Power users told to pay in advance--PSPCL

Submitted by VK Gupta on Sat, 21/05/2011 - 6:04am

Power users told to pay in advance
Only for large industry, claims PSPCL
Jangveer Singh
Tribune News Service

Chandigarh, May 20
A cash-starved Punjab State Power Corporation Limited (PSPCL) is now trying to generate revenue by seeking advanced consumption deposits (ACD) from its consumers even as it has failed to compensate them for charging enhanced rates which were rolled back later with retrospective effect.

Both domestic and industrial consumers have started receiving demands for deposition of ACD. The PSPCL has taken a decision to charge domestic consumers two and a half times their average two-month bill and industrial units one and a half times their average one-month bill.

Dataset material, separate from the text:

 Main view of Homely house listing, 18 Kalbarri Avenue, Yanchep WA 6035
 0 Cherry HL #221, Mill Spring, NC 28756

The move is being seen as a step to bridge the revenue gap after the State Electricity Regulatory Commission allowed PSPCL an additional tariff compensation of only Rs 2,651 crore against Rs 9,656 crore demanded by it.

This will have a telling effect on domestic consumers, particularly the poor who are getting 100 units of power free per month but are now receiving demands for a security deposit of around Rs 3,000.

Congress legislator Sunil Jakhar, who has filed a PIL on the issue, claimed PSPCL was passing on its inefficiency to the people.

Jakhar said PSPCL aimed to collect Rs 1,304 crore through this scheme, which was no more than backdoor taxation. He claimed this was being done as banks were now refusing loans to the electricity utility.

Jakhar claimed that the government was responsible to this state of affairs. He said despite claiming that the state was flush with funds for development, the government had not taken on the liability of the erstwhile Punjab State Electricity Board (PSEB) after it was split into two corporations in June last year.

Jakhar also claimed that consumers who had paid nearly Rs 1,600 crore in enhanced bills for one and a half years had only been partially adjusted for the same till now despite the rollback in the power tariff hike.

PSPCL Director Distribution Anil Verma said the Electricity Regulatory Commission had approved the levying of ACD last year. He said though notices had been issued to all consumers as per an “old circular”, the charges were presently being levied on large industrial units only.

Verma said no decision had been taken on levying ACD charges on domestic and small and medium industrial units.

He said PSPCL would give 12 per cent interest of all money collected in advance under this scheme and that the deposit would be reviewed every year on the basis of the previous years’ average consumption.